Some I see at Swingin’ Sixties reunions and have to ask their names, others I recognize instantly.

One I ran into on occasion at The Royal Restaurant in Keyser, and we always spoke to each other. Finally, I said to him, “I know you. Who are you?”

I grimaced when he told me, for he and I had been good friends ... but more than 40 years had passed, and we hadn’t seen each other since.

We both asked the obvious question: What have you been doing all this time?

Part of his life had been spent on a destroyer that sailed up and down the coast of Vietnam.

I shook his hand and said, “Welcome Home.”

The look on his face puzzled me, but I’ve seen the same expression so many times since then that I now recognize it for what it is.

A couple of weeks later, we met again, so I asked him about that.

“All these years,” he said, “you’re only the second person that ever welcomed me home.” Our friendship took up where it left off.

One of my buddies on that team was a kid I tried to strangle when we were in first grade. Why, I have no idea, but I had him down on the floor and was choking the you-know-what out of him when Miss Knott grabbed me by the scruff of the neck and whaled the tar out of me.

Teachers could do that, back then.

Say what you want about corporal punishment, but for all the times since then that I have been tempted to throttle another human being, not once have I ever tried to do it.

After high school, most of us went our separate ways, but a few hung around town long enough to continue our friendships.

The time we paid a late-night visit to what used to be called a greasy spoon, one of my buddies off that team looked at his hamburger and hollered at the top of his voice, “This (hideously unprintable term) is GRAY!”

He threw it against the wall, where it stuck.

You never in your life saw two cars full of guys in various states of sobriety throw money on the table and scramble for the door that fast. (I might add that when we used to play touch football, the hamburger-heaver did so wearing flipflops.)

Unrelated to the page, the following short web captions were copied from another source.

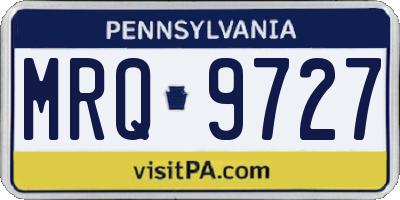 PA license plate MRQ9727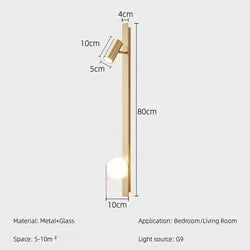 Copper Living Room Wall Lamp Modern Creative Bedroom Study Reading Light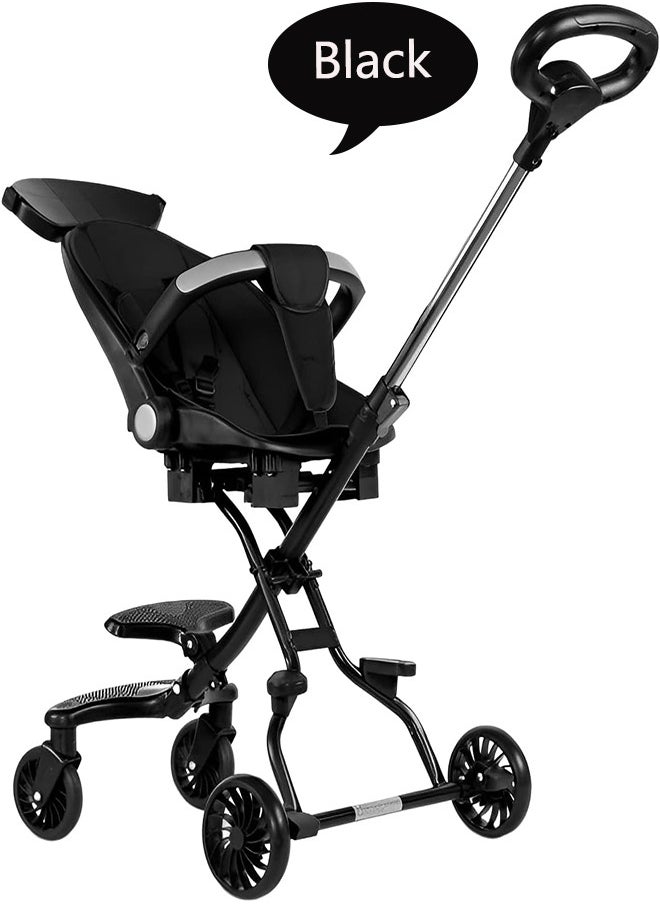 Arabest - Baby Stroller, Foldable Four-wheeled Child Stroller, Lightly and easly Foldable Child Stroller, Suitable For 1-5 Years Old High Landscape Auxiliary Baby Artifact (Black) - Image 1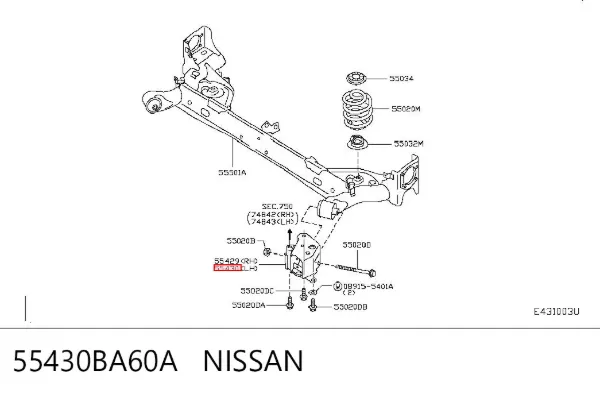 Кронштейн задньої балки 55430BA60A Nissan/Infiniti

One of my former teammates sat next to me in freshman biology at Potomac State College.

We had been friends since first grade and sat near the back of the room, which was large enough to hold a hundred or more students.

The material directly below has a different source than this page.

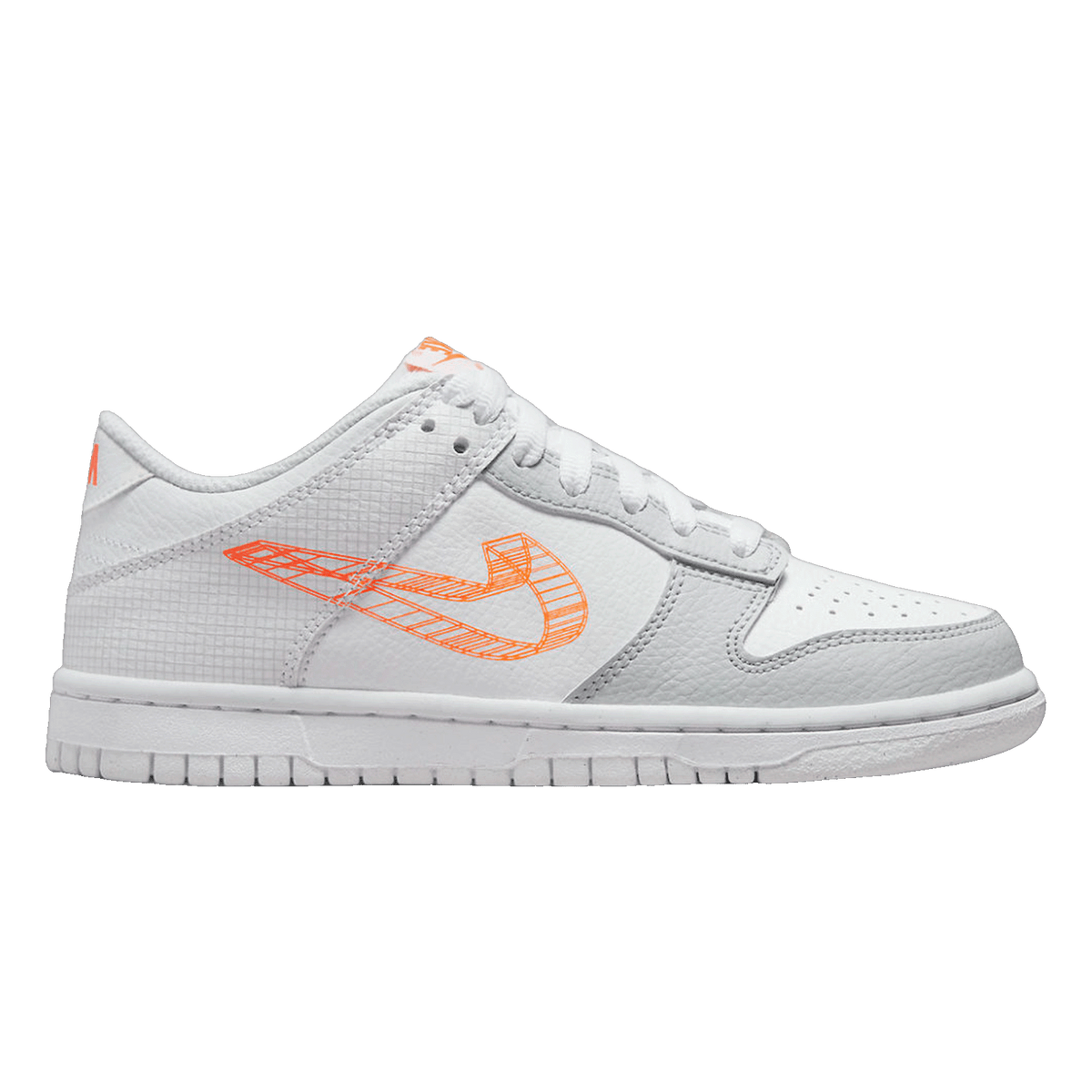 Nike Dunk Low SE 3D Swoosh Pure Platinum Total Orange (GS) DR0171-100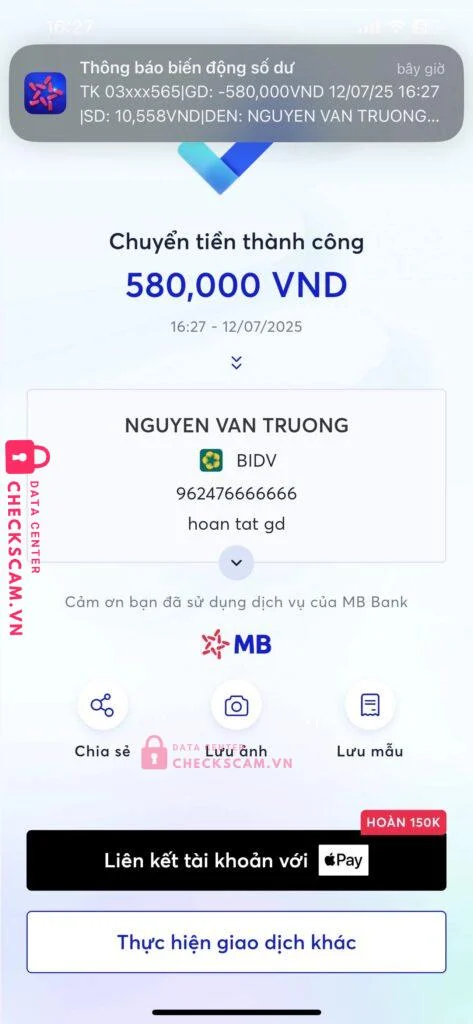962476666666 Nguyen Van Truong BIDV bị cảnh báo lừa đảo scam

The textbook was the same I’d used in high school biology, and class was at 8 a.m.

I told my buddy that each time I fell asleep and started to snore, I would buy him a beer if he woke me up.

We drank many beers together.

He came home briefly a year or so ago after a death in his family, and I went to pay my respects at the funeral home.

It was like we’d never been apart. He remembered saving me from myself when I started to snore, and the time we took the hood off an old junk car and towed it to Coach Lough’s farm to use it for a sled. He also remembered me trying to strangle our friend.

He reminded me about some things I’d forgotten, and I returned the favor.

I probably could tell you at least one story about almost every guy in that photo — including, especially, Coach Clark.

Most I will keep to myself, for a variety of reasons. Some stories are actually too good to share. Others wouldn’t be understood by those who weren’t there when they happened. A few are just too close to the heart.

Besides, most of those guys are still alive — and they could tell you stories about me.